商品コード:1342-021[DECCA] G.ショルティ指揮/ ワーグナー:楽劇「神々の黄昏」(全曲)
商品コード: 1342-021
商品詳細:ショルティは1950年代当時、SXL 2000番台のデモンストレーションのような録音に付き合わされており、ここで遂に本当に自分のやりたいことができた、そんな彼の喜びさえも感じられる。天を駆け昇る如きエネルギーが伝わる。よく知られているが、大作「ニーベルングの指輪」は元々クナッパーツブッシュ( 1888 - 1965)で録音される予定であった。初のステレオによる全曲録音を任されたDECCAのプロデューサー、ジョン・カルショウはこの時若干34歳、クナッパーツブッシュは天にそびえる大指揮者。カルショウの思い通りになるような相手ではなかった。当時はプロデューサーより大物指揮者は格段に地位が上である。録り直しなどもっての外で、とてもクナッパーツブッシュで「ニーベルングの指輪」全曲を録音するのは不可能であった。クナッパーツブッシュ自身、既に高齢であり1957年時点で70歳。最後まで指揮が出来る保証もなかった。クナッパーツブッシュの性格は粗野で、不愉快な激しい性格も知られており恐れられていた。マエストロの怒りは発火しやすく、かなり直截な言葉の脱線も珍しくなかった。
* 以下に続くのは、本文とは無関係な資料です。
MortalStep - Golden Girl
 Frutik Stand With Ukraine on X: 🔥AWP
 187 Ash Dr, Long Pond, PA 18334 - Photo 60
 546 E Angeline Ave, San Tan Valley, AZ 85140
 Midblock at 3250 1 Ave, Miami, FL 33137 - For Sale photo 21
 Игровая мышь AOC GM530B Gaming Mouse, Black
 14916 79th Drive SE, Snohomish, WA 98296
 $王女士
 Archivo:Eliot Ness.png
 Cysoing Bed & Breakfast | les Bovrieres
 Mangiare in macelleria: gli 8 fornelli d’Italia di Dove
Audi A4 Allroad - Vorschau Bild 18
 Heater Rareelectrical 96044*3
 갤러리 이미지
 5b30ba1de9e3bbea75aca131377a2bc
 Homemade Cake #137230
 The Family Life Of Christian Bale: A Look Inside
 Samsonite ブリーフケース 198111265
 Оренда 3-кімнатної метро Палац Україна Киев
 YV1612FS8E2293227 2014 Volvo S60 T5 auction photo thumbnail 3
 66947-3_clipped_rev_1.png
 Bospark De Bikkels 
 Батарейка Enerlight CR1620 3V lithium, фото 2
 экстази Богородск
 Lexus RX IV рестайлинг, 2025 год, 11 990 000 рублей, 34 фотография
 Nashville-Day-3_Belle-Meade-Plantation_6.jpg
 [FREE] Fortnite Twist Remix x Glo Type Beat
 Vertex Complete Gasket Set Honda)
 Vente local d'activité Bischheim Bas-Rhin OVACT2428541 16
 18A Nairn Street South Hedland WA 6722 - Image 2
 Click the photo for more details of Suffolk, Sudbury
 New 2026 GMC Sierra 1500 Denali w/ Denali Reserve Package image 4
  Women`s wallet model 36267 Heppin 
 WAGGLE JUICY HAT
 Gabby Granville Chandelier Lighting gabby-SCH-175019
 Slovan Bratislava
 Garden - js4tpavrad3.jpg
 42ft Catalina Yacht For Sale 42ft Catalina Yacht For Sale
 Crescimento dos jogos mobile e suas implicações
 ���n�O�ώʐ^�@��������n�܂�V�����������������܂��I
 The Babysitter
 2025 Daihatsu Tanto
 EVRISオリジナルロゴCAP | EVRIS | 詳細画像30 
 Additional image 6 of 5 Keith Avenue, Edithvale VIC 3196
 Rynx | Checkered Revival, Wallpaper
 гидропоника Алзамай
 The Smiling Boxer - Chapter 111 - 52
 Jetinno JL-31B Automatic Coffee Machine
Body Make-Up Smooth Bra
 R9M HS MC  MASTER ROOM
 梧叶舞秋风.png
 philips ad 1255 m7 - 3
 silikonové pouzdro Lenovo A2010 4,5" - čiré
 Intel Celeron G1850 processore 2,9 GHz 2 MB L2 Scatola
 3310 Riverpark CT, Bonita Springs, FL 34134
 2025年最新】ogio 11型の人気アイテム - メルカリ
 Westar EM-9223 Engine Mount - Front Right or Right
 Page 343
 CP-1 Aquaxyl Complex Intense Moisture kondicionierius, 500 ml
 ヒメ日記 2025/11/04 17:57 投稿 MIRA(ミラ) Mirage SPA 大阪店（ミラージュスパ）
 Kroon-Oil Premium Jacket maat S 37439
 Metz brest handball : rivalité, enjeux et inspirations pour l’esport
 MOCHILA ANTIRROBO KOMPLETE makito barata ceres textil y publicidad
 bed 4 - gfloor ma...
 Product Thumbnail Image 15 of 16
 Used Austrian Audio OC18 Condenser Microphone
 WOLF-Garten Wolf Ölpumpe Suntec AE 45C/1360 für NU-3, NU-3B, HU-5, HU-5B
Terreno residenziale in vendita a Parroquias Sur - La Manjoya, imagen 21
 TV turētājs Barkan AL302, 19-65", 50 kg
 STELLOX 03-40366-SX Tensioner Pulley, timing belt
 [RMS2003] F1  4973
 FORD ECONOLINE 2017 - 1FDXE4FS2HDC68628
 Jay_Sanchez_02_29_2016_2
著名なソプラノ歌手、ビルギット・ニルソンが報告したように、歌手はしばしば演奏中でさえもミスのために彼から大声で下品な言葉を浴びせられたという。 オーストリアのジャーナリスト、アンドレアス・ノヴァークはクナッパーツブッシュを「不機嫌そうな人道主義者」と呼び、非常に適切に特徴付けている。この事態を打破すべくカルショウは、当時まだ有名でもなく、強い発言権を持たないが誠実であり、粘り強い努力家である指揮者ゲオルク・ショルティ(1912- 1997)を起用した。1957年時点で彼は45歳前後。カルショウは経営陣を説得し、長丁場となる「ニーベルングの指輪」をショルティに託した。カルショウはテスト録音として1957年5月「ワルキューレ」の第3幕を録音。この録音の出来で「指輪」の担当が変わる可能性さえ秘めた重要な録音だったが、ショルティは予想以上の仕上がりで期待に応え、「指輪」の担当を手にしたのであった。1958年録音の「ラインの黄金」は本編のスタートとなった。御大クナッパーツブッシュと比べてしまえば貫禄という点でまだまだな印象は残るが、当時、このレベルで「指輪」が発売出来れば文句は無かったと思われる。1958年~1965年までを費やして録音史上燦然と輝く偉業である初のステレオによる「ニーベルングの指輪」が完成した。ショルティは世界的大指揮者の仲間入りを果たし、クナッパーツブッシュの仕事は激減した。録音史上に残る初の一人指揮者・同一オケによるステレオ全曲録音となった。録音は「ラインの黄金」1958年9月/10月、「ジークフリート」1962年5月/10月/11月、「ワルキューレ」1964年5月/6月/10月/11月、「神々の黄昏」1965年10月/11月の順番で行われた。初期録音ほど音質が良いのは言うまでもない。記載はないが全曲、録音技師:Gordon Parry 、プロデューサー:John Culshawのコンビで行われた。その為、長期に渡る録音となったが比較的音質は安定している。